• Exercise brief: Retype, word for word, only the lines from the one with "4960 Evelynaire Dr, Florissant, MO 63033" through the last line of the data below.
____________________
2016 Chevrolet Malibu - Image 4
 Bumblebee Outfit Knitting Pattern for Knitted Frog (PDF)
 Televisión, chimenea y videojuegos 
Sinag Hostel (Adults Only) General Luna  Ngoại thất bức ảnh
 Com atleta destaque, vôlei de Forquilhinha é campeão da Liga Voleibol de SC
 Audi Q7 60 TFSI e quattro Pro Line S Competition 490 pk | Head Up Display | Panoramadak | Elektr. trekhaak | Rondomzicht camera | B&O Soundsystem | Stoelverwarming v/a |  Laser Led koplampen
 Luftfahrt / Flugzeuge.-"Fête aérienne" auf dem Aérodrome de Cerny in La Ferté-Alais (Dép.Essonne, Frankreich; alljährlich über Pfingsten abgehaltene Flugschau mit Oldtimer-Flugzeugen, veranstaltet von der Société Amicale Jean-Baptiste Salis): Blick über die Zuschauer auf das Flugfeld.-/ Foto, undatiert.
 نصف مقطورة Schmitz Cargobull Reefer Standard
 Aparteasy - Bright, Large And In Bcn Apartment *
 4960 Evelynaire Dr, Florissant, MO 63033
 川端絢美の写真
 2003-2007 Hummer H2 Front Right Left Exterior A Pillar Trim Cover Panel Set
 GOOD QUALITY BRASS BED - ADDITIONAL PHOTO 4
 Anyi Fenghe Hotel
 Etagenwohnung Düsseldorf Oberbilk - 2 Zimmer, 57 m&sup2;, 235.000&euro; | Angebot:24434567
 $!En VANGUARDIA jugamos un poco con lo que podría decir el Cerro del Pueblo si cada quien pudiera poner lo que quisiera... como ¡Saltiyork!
____________________
• Response to the exercise:
 4960 Evelynaire Dr, Florissant, MO 63033
 川端絢美の写真
 2003-2007 Hummer H2 Front Right Left Exterior A Pillar Trim Cover Panel Set
 GOOD QUALITY BRASS BED - ADDITIONAL PHOTO 4
 Anyi Fenghe Hotel
 Etagenwohnung Düsseldorf Oberbilk - 2 Zimmer, 57 m&sup2;, 235.000&euro; | Angebot:24434567
 $!En VANGUARDIA jugamos un poco con lo que podría decir el Cerro del Pueblo si cada quien pudiera poner lo que quisiera... como ¡Saltiyork!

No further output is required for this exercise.